Table of Contents
- What Is a Secondary Consumer?
- Where Do They Fit in the Food Chain?
- Carnivores vs. Omnivores: Both Can Be Secondary Consumers
- Secondary Consumers by Biome
- The 10% Rule: Why Energy Matters
- Primary, Secondary, and Tertiary Consumers Compared
- What Happens When Secondary Consumers Disappear?
- Human Impacts on Secondary Consumer Populations
What Is a Secondary Consumer? {#what-is-a-secondary-consumer}

A secondary consumer is any organism that eats a primary consumer. Primary consumers eat plants (or other photosynthetic organisms), so secondary consumers are, at minimum, one step removed from the sun’s energy. They eat the plant-eaters.
That definition is clean and easy to remember. The biology underneath it is more interesting.
Secondary consumers sit at trophic level 3 in a food chain.
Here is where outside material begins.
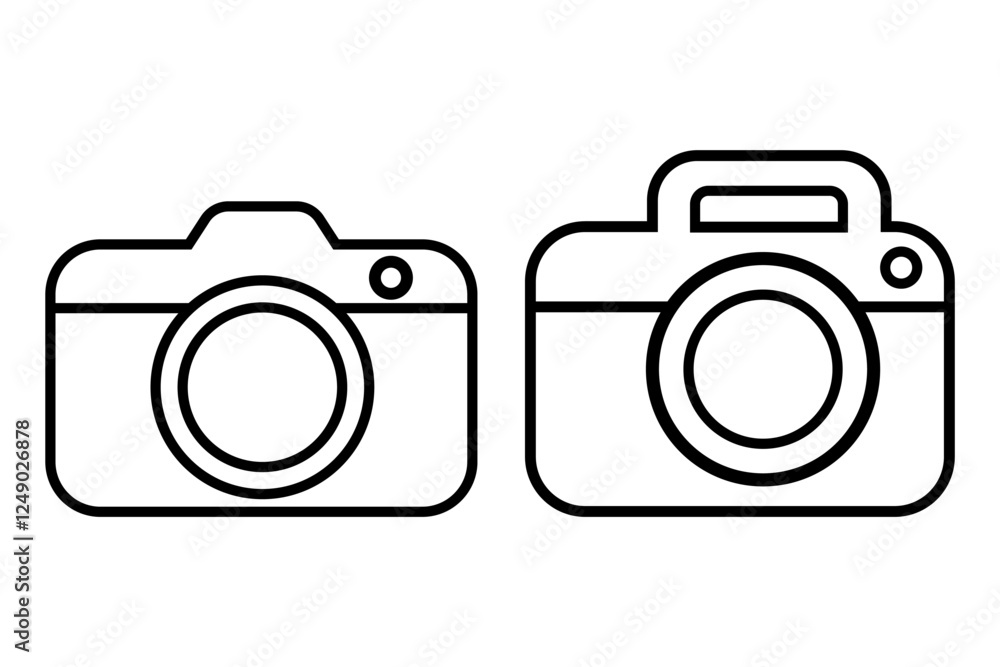 Camera outline icon vector illustration. Camera outline icon vector illustration.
They can be carnivores (eating only other animals) or omnivores (eating both plants and animals). A snake that eats mice is a secondary consumer. So is a human who eats a hamburger — cattle are primary consumers, and we eat the cattle.
Where Do They Fit in the Food Chain? {#where-do-they-fit-in-the-food-chain}
The standard food chain runs like this:
Producers → Primary Consumers → Secondary Consumers → Tertiary Consumers → Apex Predators
- Producers: Plants, algae, phytoplankton — organisms that convert sunlight into energy via photosynthesis
- Primary consumers (trophic level 2): Herbivores that eat producers — rabbits, deer, grasshoppers, zooplankton
- Secondary consumers (trophic level 3): Organisms that eat primary consumers — frogs, small fish, foxes, certain birds
- Tertiary consumers (trophic level 4): Predators that eat secondary consumers — eagles, large sharks, wolves
One organism can occupy multiple trophic levels simultaneously. A bear eats berries (making it a primary consumer) and eats salmon (making it a secondary or even tertiary consumer, depending on what the salmon ate). Food webs are messier than food chains — and more accurate to how ecosystems actually work.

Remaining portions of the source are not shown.